瑞士联邦材料科学与技术研究所Ruben-Simon Kü课团队报道了离子液体在盐包水电解质中的水热效应。 相关研究成果发表在2021年3月31日出版的国际知名学术期刊《德国应用化学》。

盐包水电解质已成功地将水电解质的电化学稳定性窗口扩展到2V以上。通过用经典有机溶剂或离子液体部分取代水，可进一步提高稳定性。

该文中，研究人员研究了由LiTFSI、水和咪唑离子液体组成的三元电解质。研究发现，在离子液体存在条件下，LiTFSI在水中的溶解度从21mol/kg急速增加到60mol/kg。用拉曼光谱和核磁共振谱研究了溶液的结构，发现离子液体的水热效应导致了LiTFSI溶解度的提高。三元电解液的还原稳定性增强，使得水性锂离子电池能够在基于商业相关Li4Ti5O12和LiNi0.8Mn0.1Co0.1O2电极材料的活性材料水平上稳定循环，能量密度为150 Wh/kg。

附：英文原文

Title: The hydrotropic effect of ionic liquids in water‐in‐salt electrolytes

Author: Maximilian Becker, Daniel Rentsch, David Reber, Abdessalem Aribia, Corsin Battaglia, Ruben-Simon Kü

Issue&Volume: 2021-03-31

Abstract: Water‐in‐salt electrolytes have successfully expanded the electrochemical stability window of aqueous electrolytes beyond 2 V. Further improvements in stability can be achieved by partially substituting water with either classical organic solvents or ionic liquids. Here, we study ternary electrolytes composed of LiTFSI, water, and imidazolium ionic liquids.

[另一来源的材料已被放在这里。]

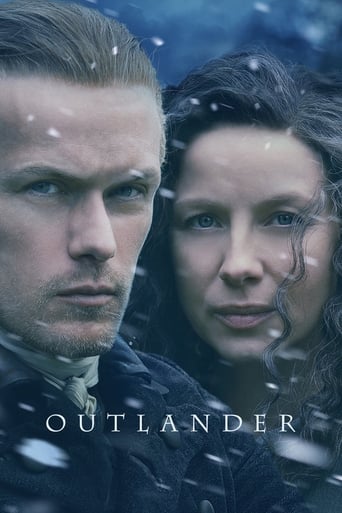 Portrait for Outlander - Season 6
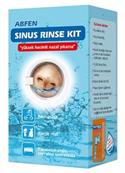 Sinus Rinse Yetişkin Burun Yıkama Kiti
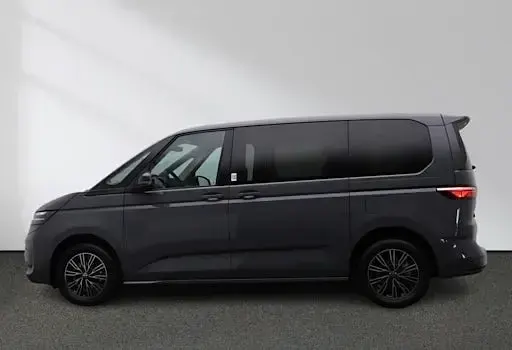 Neu VW Multivan Life 150 PS (110 kW) 2025 Grau Van / Kleinbus
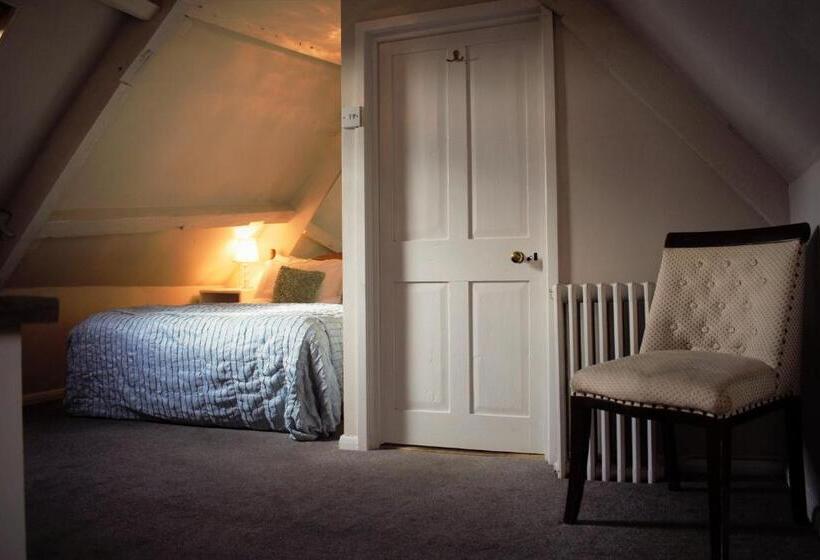 기본룸, White Horse & Griffin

We find that the LiTFSI solubility strongly increases from 21 mol/kg in water to up to 60 mol/kg in the presence of ionic liquid. The solution structure is investigated with Raman and NMR spectroscopy and the enhanced LiTFSI solubility is found to originate from a hydrotropic effect of the ionic liquids. The increased reductive stability of the ternary electrolytes enables stable cycling of an aqueous lithium‐ion battery with an energy density of 150 Wh/kg on the active material level based on commercially relevant Li4Ti5O12 and LiNi0.8Mn0.1Co0.1O2 electrode materials.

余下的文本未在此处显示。